# Pneumatic assembly without welding?



## dynoflyer (Oct 8, 2006)

Looking to do my first pneumatic props this year, I just got some 16" throw Bimba cylinders off eBay cheap. 

However, I don't have a welding outfit. Can I drill and bolt the framework together or does it have to be welded. I'll use 3/4" steel square tubing; a friend with a metal shop in Chicago offered scraps at no charge (I'll pay freight). Is 3/4" steel overkill? He said whatever I need. 

Any advice is appreciated. :googly:


----------



## Brad Green (Jul 29, 2004)

Lots off people bolt rather than weld, so that shouldn't be a problem. If you haven't already, go to http://www.hauntproject.com/ and check out the pneumatic prop category, you'll find a number of them there. As to the question of tubing size, that depends on what your'e making and the cylinder bore size. Thin-wall should be ok, but the heavier stuff will require more 'omph' to lift. I've actually seen pneumatic props built on wood frames (not sure I'd recommend it) and they seemed to work pretty well. Just keep in mind, more weight requires more cylinder (and air pressure) to get it too move.


----------



## Death Master (Jul 1, 2007)

I personely weld all my frame work, but bolting will work, as far as the size of tubing depends on what your building, I like to use 1.25 for the base frame and spines for my animatronics, and for anything thats going to take a lot of stress for movement like lifting 4bar mechanisms, and as I go up I use smaller stuff .50 to .25 for the rest of the armature (ribs, hips,and arms.) sometimes I'll use 1/8 bar stock for lighter armatures, but like Brad Green stated above "it depends on what your making".


----------



## Lotus (Nov 12, 2004)

Bolting works good, If I can find some free time I can weld for you


----------



## dynoflyer (Oct 8, 2006)

Thanks, Lotus! I'll let you know - maybe I'll get a mig welder and ask you to show me how.


----------



## Lotus (Nov 12, 2004)

dynoflyer said:


> Thanks, Lotus! I'll let you know - maybe I'll get a mig welder and ask you to show me how.
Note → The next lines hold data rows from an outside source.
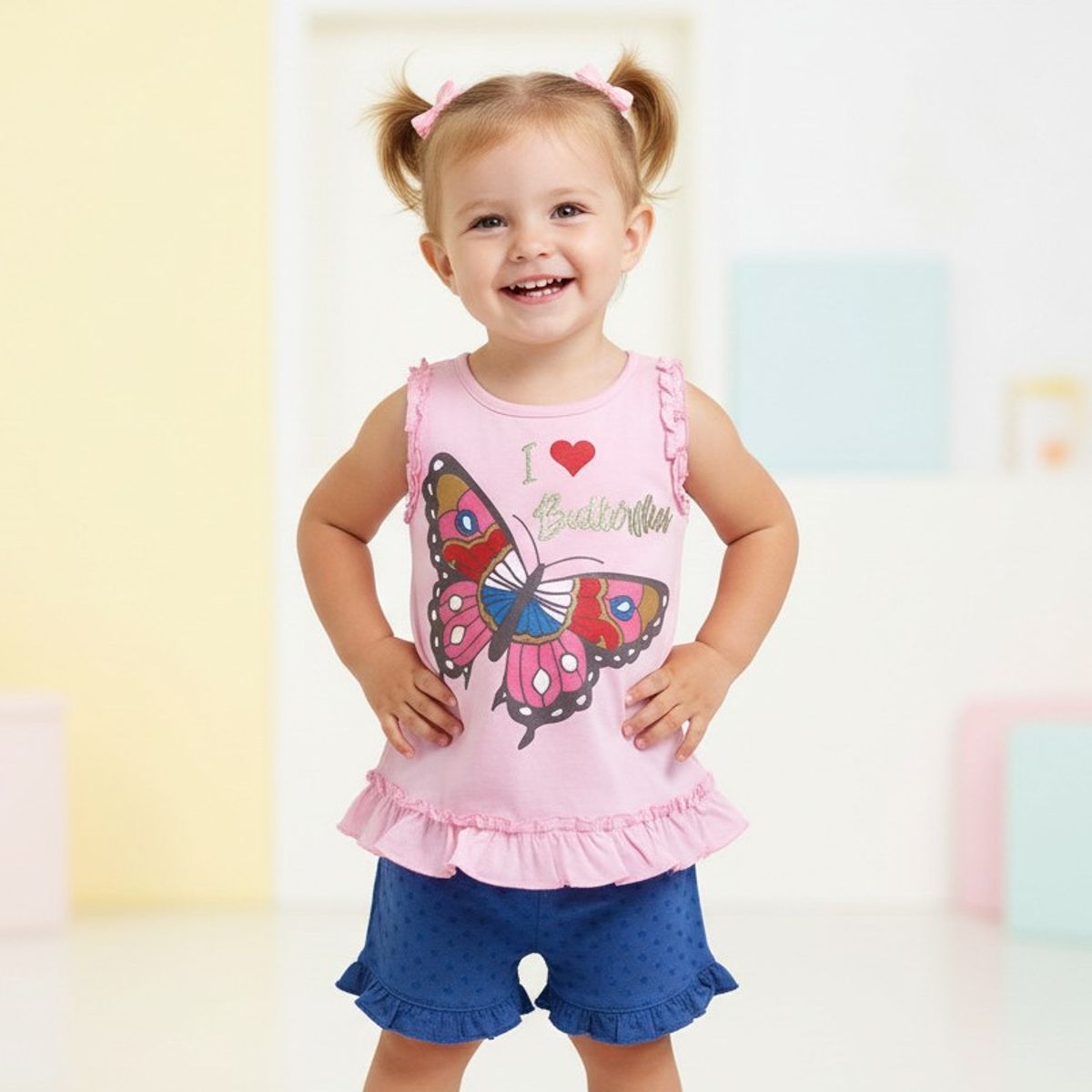 GENERICO - Conjunto Para Bebé Mariposa Rosado de Algodón Pima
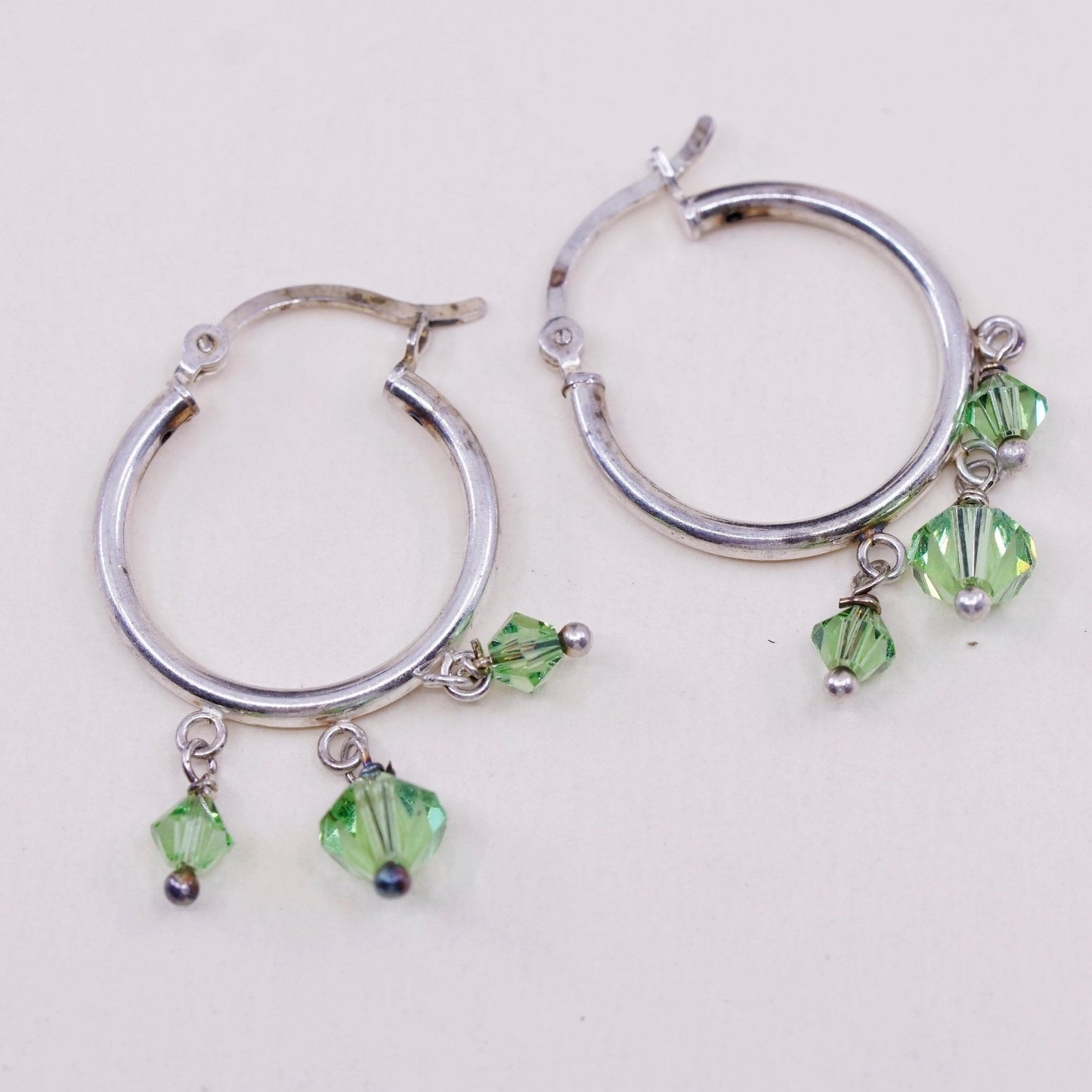 0.75”, Vintage sterling silver loop earrings, primitive hoops with peridot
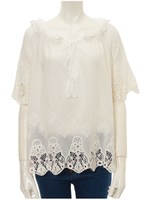 コットンレースタッセルリボンブラウス/ホワイト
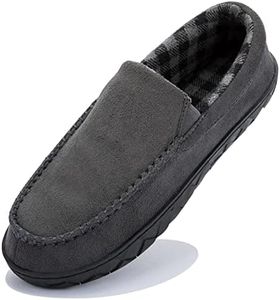 NewDenBer Men's Moccasin Slippers Warm Memory Foam Suede Plush Shearling Lined Slip on Indoor Outdoor House Shoes, Dark Grey, 9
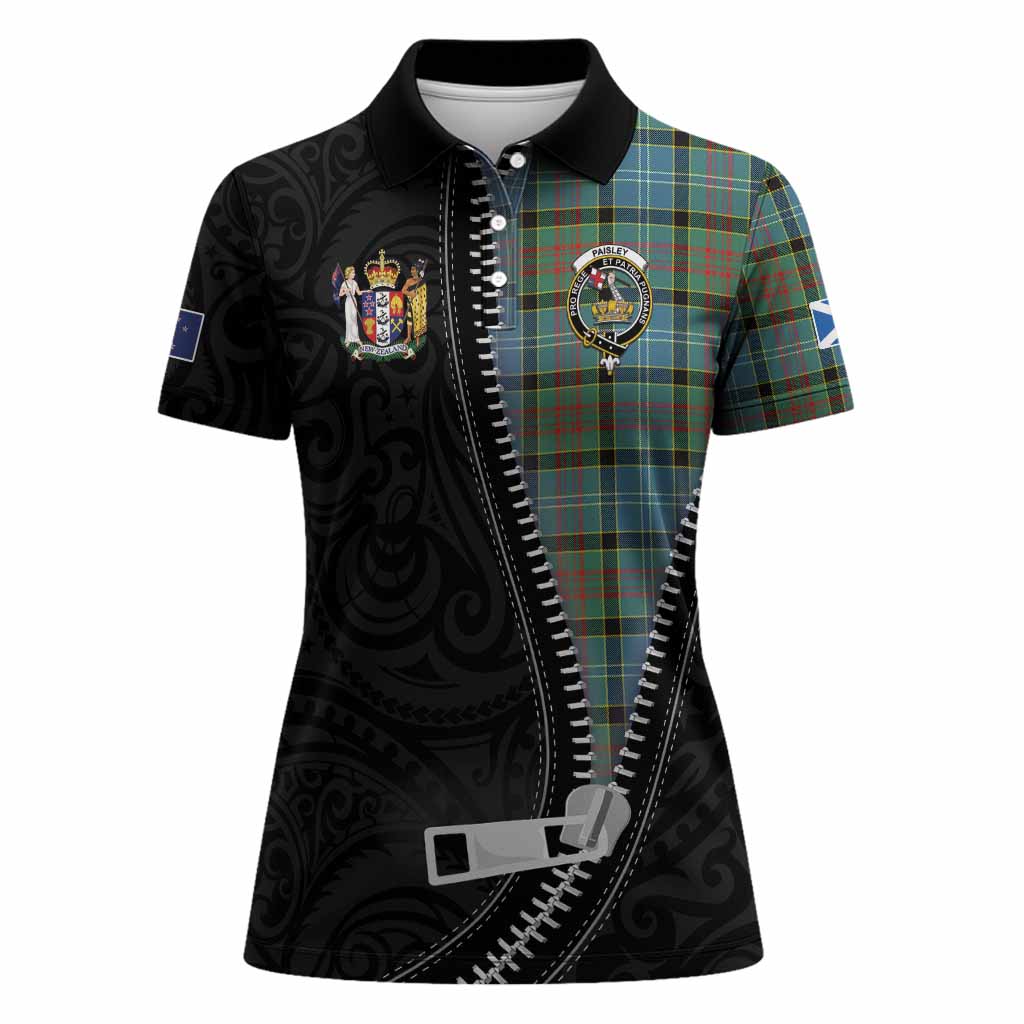 Paisley Tartan Women Polo Shirt New Zealand Pattern Unique Zipper Stylized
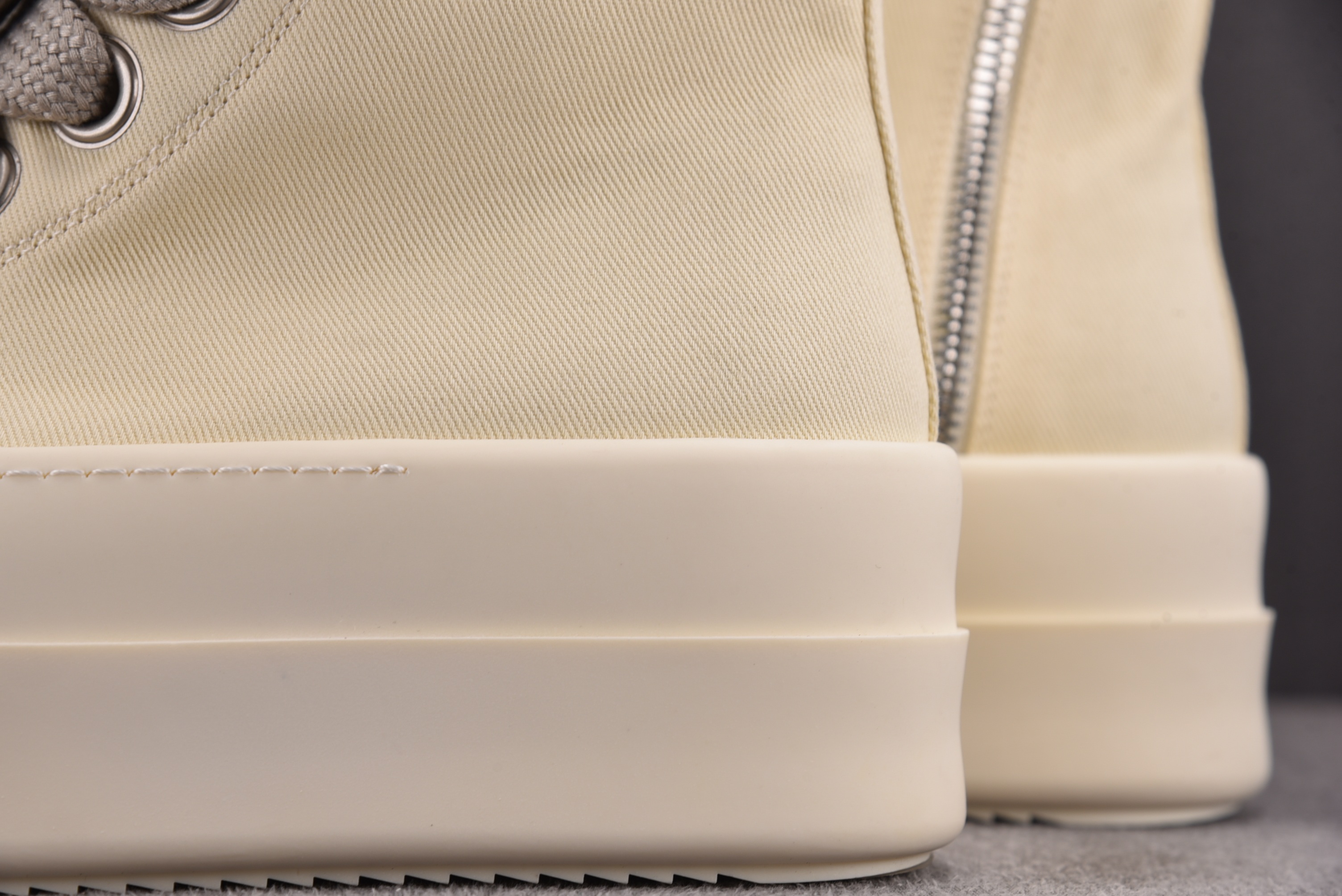 RICK OWENS_RO 厚底奶白 帆布条纹 YZ022-136-46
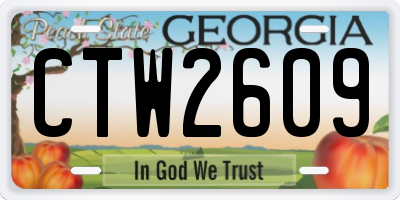 GA license plate CTW2609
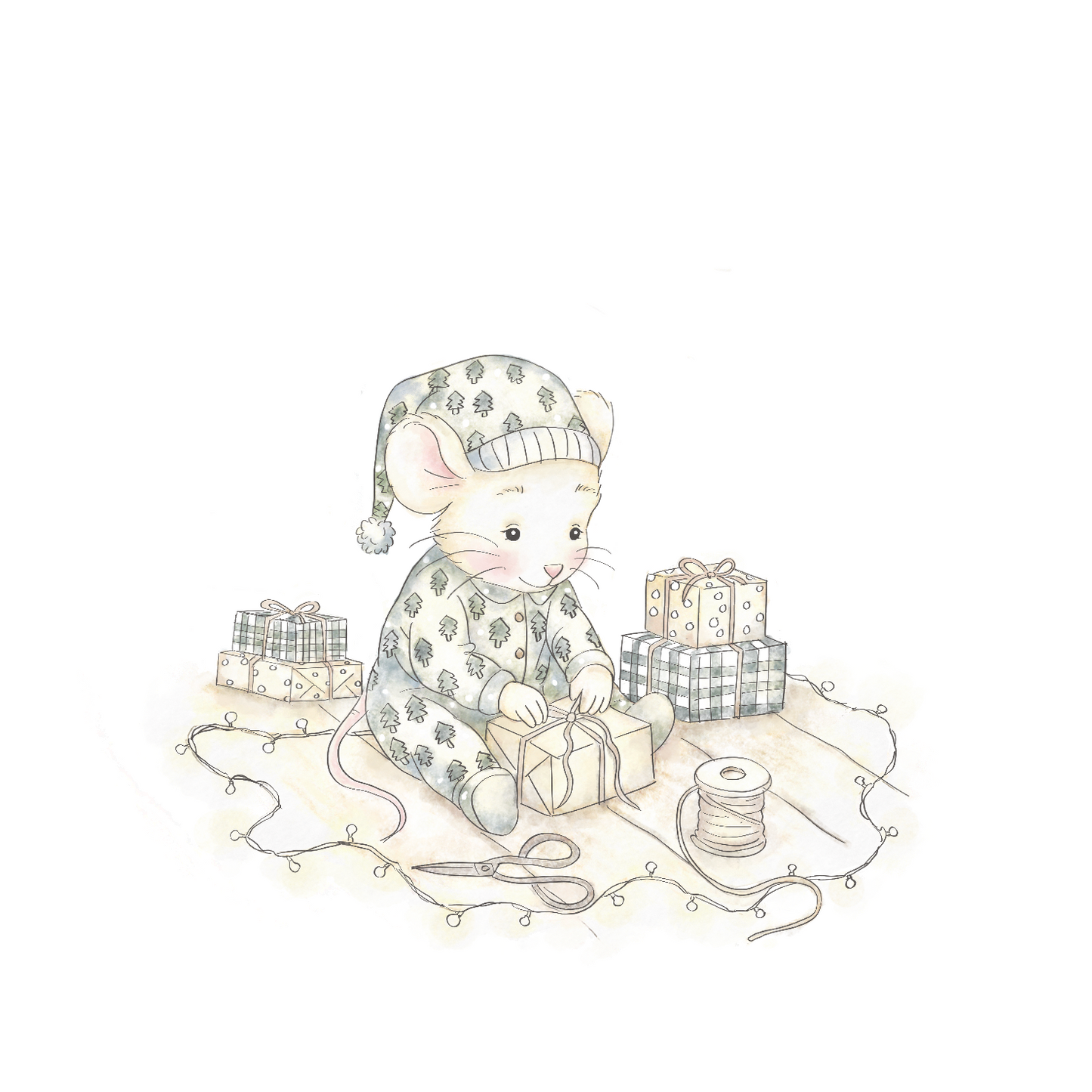 Christmas- Mouse wrapping gifts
You can get a mig welder for cheap


----------



## dynoflyer (Oct 8, 2006)

My BD is coming up, a great excuse to get one of the cheapo mig welders from Harbor Freight! woo-hoo!


----------



## DarkShadows (Feb 6, 2006)

I have the 100$ Harbor frieight welder and it works pretty good for what it is. If your only going to do small projects with it, it's a great deal. And um, can you tell your friend that theres a kid in chicago that could use some scrap peices also


----------



## Lotus (Nov 12, 2004)

DarkShadows said:


> I have the 100$ Harbor frieight welder and it works pretty good for what it is. If your only going to do small projects with it, it's a great deal. And um, can you tell your friend that theres a kid in chicago that could use some scrap peices also


Hahahahaha we all need scrap


----------



## CoolDJTV (Jun 28, 2011)

Pvc


----------